Any idea what the reason might be? I don’t think there is a way to access the logs on an Atlas serverless instance, right? Wondering if we need to set specific connection parameters to prevent these issues.

1 Like

Hey Jan! How is it going?

I’m having the same issue :open_mouth:

I don’t have a solution for this apart of changing the database type or applying try and catches everywhere the database client fires a query - sad -. However, I wanted to share my thoughts in case somebody else faces the same issue.

In my case, our team is running a NodeJs container + Prisma.io ORM to handle the database work over a GCP Cloud Run instance too.

This issue arises very consistently when multiple queries hit the db serverless instance - around 3 read consecutive/parallel operations would trigger it fairly easily and consistently -, causing the same Broken pipe error you have found.

My hypothesis is that the issue lies on how serverless instances are handling connections and its consequent scaling/provisioning whenever a query tries to hit the db. Looking at the charts mongodb atlas provides, I found that that error matches a connection drop on the database side (see the snapshot attached).

This connection, of course, would have been closed by the db itself. Open thoughts:

1.- GCP Cloud Run runs containers, which means that connections pools would be set and used/reused as long as the container is active and running while using MongoClient. Not knowing what specifically triggers a mongodb serverless instantiation, leaves me thinking if those reused connections could be causing this if, for example, mongodb serverless expect 1 query = 1 connection.

2.- In my case, 3 queries are being fired, where the third one more often is the one that gets this Broken Pipe error. I wonder if queries 1 and 2 gets its own connection while the latter gets, let’s say, connection 1 reused and that could cause mongodb serverless to close the connection (e.g. 1 connection = 1 response and then closes).

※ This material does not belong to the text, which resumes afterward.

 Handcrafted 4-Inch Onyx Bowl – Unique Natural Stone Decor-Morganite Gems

3.- I haven’t found documentation on any of this nor options to configure the scaling behaviour of mongodb serverless instances. I’ve read that min connections could be set at the client side on this doc https://www.mongodb.com/docs/manual/reference/connection-string/#mongodb-urioption-urioption.minPoolSize

4.- Nevertheless, that’s an option for the client side and I don’t know if that could impact somehow the behaviour of mongodb serverless scaling (one way i think it could affect tho, is if the connections on the pool gets to 0 on the client for X ms while opening a new one and that somehow indicates mongodb serverless instance to scale down, dropping the connections and causing the consequent error)

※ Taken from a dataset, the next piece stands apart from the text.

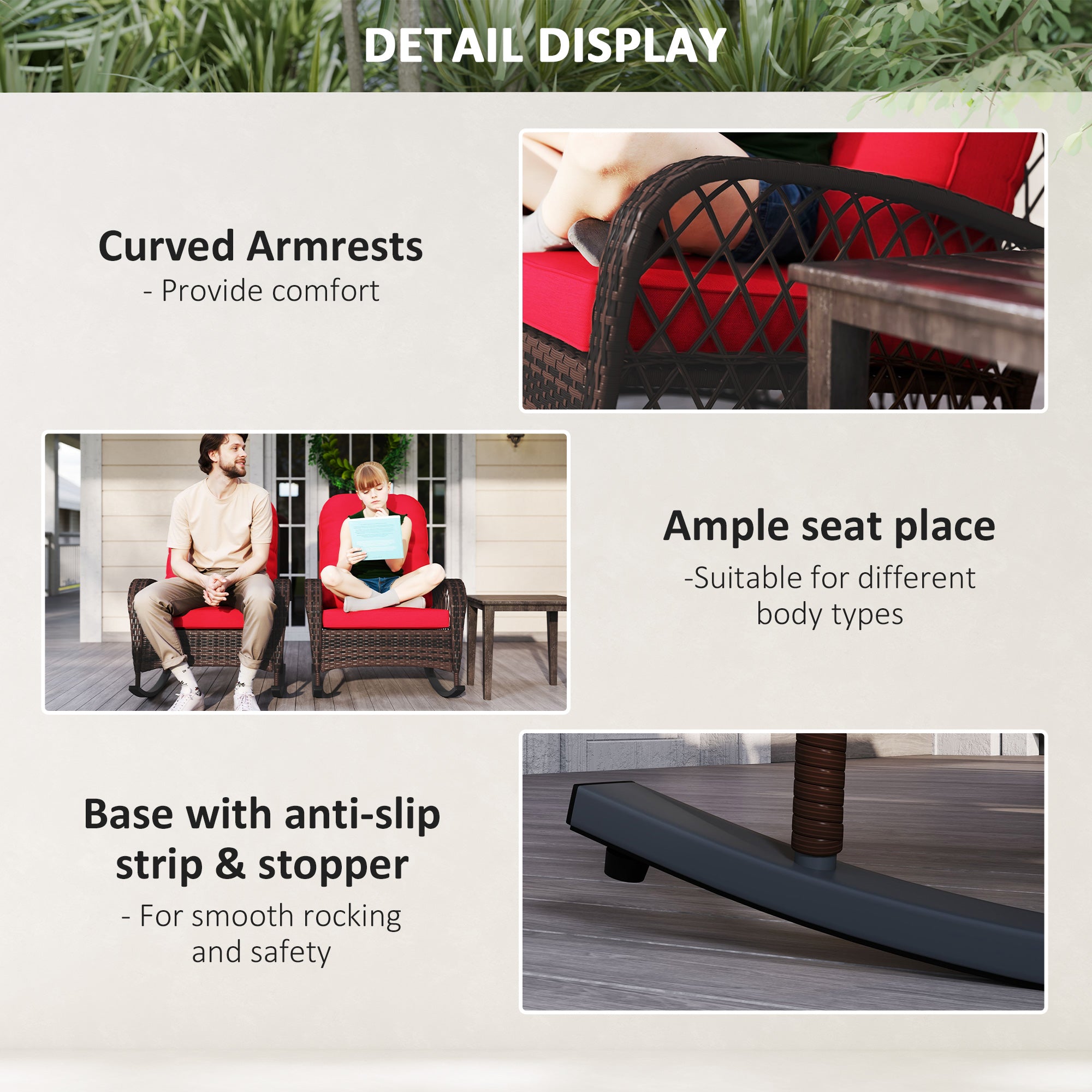 Outsunny Rattan Rocking Chair Set of 2, Outdoor Wicker Patio Rocker Chair Furniture with Thick Cushions, for Garden Backyard Porch, Red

It’d be nice to have someone form mongodb to give some light on these issues. I know that serverless instances are now in preview, so we’re aware stuff like this can happen.

In the meantime, to stays in the safe side, we’ve moved prod to a shared cluster, and it’s working like a charm.

Hope this helps get the discussion moving :raised_hands:

MongoDB Go Driver engineer here:
It’s expected that the Atlas Serverless infrastructure will sometimes close in-use network sockets. We typically expect that the retryable reads and retryable writes behaviors of MongoDB drivers should allow any in-progress operations to be retried on another connection automatically.

@Jan-Gerrit_Harms or @Ian_Sebastian, do you know if retryable reads and writes are enabled in your MongoDB driver configurations? Note that retryable reads/writes are enabled by default in all recent versions of the MongoDB Go Driver (and should be in all official MongoDB drivers).

Thanks for you replies, both of you!

@Matt_Dale We don’t explicitly disable retryable reads and write as far as I know. This is how we establish a connection:

	serverAPIOptions := options.ServerAPI(options.ServerAPIVersion1)
	clientOptions := options.Client().
		ApplyURI(viper.GetString(config.MongoDBUrl)).
		SetServerAPIOptions(serverAPIOptions).
        SetMinPoolSize(viper.GetUint64(config.MongoDBMinPoolSize))

	client, err := mongo.Connect(context.Background(), clientOptions)
	if err != nil {
		log.Fatal().Err(err).Msg("unable to connect to mongodb")
	}
	err = client.Ping(context.Background(), nil)
	if err != nil {
		log.Fatal().Err(err).Msg("not connected to mongo")
	}

We even try to enable it for the writes. Our connection string has the following parameters:
retryWrites=true&w=majority.

Maybe we should also explicitly enable the retryReads, although if I understand you correct, it should be enabled by default.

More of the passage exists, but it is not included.